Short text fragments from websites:

—————

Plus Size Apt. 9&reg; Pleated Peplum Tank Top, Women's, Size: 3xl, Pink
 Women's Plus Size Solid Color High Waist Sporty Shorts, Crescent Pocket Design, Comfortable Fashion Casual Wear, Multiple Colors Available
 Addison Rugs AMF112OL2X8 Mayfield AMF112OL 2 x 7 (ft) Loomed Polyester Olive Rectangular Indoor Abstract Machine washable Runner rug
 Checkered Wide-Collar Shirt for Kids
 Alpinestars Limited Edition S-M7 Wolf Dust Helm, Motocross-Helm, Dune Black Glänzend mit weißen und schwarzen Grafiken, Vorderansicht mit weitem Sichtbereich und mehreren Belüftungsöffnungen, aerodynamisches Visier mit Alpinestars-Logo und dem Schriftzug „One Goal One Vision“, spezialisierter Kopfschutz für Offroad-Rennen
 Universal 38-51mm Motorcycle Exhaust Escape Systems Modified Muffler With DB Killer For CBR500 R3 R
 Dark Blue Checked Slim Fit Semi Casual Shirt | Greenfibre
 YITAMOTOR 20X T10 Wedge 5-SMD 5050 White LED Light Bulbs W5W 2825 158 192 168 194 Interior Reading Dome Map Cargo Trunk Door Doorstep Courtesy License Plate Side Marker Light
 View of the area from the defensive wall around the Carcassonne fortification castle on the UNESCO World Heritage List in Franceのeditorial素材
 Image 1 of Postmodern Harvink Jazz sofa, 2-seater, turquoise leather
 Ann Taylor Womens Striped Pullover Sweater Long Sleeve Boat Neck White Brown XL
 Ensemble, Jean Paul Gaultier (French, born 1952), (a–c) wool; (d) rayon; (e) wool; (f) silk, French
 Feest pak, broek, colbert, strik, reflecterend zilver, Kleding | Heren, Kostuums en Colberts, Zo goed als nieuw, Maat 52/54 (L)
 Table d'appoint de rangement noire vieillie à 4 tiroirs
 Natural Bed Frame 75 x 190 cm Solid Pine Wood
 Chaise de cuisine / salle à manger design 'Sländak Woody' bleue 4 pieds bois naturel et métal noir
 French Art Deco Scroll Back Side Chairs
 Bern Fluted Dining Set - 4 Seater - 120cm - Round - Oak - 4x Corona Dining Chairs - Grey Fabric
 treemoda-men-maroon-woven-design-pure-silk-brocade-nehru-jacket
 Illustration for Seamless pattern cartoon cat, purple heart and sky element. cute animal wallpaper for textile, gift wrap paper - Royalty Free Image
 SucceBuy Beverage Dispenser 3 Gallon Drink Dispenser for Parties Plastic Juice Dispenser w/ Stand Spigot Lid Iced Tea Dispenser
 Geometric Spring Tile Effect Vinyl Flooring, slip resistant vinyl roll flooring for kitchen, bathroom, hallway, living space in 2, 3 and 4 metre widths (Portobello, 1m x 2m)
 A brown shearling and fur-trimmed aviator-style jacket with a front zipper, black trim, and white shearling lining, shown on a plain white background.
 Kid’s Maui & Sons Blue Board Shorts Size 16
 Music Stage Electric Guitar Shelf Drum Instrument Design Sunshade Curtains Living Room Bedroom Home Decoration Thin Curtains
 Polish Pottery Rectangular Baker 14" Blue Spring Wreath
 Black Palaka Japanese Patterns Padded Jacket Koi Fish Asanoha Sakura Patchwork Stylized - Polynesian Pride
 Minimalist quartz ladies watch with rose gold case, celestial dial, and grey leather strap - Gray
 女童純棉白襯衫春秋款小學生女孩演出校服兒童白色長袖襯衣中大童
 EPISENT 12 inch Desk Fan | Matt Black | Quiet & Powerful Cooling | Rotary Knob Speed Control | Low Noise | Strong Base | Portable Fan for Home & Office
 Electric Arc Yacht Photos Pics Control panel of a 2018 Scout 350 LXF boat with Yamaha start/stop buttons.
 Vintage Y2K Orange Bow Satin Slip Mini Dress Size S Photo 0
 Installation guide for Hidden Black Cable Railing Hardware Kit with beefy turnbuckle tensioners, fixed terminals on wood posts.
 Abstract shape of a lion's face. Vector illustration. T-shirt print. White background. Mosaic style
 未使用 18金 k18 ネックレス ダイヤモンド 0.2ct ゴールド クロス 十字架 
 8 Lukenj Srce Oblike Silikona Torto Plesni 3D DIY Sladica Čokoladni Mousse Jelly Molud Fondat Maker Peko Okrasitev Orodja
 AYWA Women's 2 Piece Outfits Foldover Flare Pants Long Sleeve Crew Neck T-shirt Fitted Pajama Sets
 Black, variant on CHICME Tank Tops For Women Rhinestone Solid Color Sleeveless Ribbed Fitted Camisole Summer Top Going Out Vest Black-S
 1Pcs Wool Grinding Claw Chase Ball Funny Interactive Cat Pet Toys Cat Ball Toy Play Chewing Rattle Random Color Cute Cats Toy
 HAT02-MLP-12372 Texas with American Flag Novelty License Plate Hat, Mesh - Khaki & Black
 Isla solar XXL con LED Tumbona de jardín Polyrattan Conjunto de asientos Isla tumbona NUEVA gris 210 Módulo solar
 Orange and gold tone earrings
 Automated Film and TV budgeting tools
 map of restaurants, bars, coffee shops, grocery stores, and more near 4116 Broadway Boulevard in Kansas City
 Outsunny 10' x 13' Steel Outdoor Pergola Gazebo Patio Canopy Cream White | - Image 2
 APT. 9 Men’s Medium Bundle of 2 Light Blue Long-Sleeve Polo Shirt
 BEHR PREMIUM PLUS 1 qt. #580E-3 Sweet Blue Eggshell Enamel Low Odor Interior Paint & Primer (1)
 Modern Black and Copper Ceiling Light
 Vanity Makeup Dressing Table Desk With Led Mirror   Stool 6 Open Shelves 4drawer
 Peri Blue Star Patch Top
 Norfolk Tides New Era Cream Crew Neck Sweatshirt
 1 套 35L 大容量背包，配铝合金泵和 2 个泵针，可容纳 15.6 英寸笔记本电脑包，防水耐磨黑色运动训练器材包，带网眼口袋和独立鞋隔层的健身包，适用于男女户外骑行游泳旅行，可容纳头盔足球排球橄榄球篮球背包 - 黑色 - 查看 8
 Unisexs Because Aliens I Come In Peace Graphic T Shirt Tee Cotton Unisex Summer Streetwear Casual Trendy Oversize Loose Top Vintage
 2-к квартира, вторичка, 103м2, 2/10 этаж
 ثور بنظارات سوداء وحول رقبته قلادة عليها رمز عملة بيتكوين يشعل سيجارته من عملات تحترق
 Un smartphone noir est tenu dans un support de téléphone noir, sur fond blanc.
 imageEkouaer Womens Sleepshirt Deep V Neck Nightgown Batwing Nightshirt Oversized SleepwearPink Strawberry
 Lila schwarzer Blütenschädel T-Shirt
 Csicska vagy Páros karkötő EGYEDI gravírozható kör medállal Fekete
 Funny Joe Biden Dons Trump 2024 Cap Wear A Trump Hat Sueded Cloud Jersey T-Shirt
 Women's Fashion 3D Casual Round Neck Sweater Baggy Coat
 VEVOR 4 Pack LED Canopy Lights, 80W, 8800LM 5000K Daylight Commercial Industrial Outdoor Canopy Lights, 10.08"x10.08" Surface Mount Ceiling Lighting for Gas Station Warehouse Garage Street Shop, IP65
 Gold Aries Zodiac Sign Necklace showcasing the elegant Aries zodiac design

—————

▶ _Exercise_: Return each line of the data that contains the string "License".

▶ _Exercise response_:
 YITAMOTOR 20X T10 Wedge 5-SMD 5050 White LED Light Bulbs W5W 2825 158 192 168 194 Interior Reading Dome Map Cargo Trunk Door Doorstep Courtesy License Plate Side Marker Light
 HAT02-MLP-12372 Texas with American Flag Novelty License Plate Hat, Mesh - Khaki & Black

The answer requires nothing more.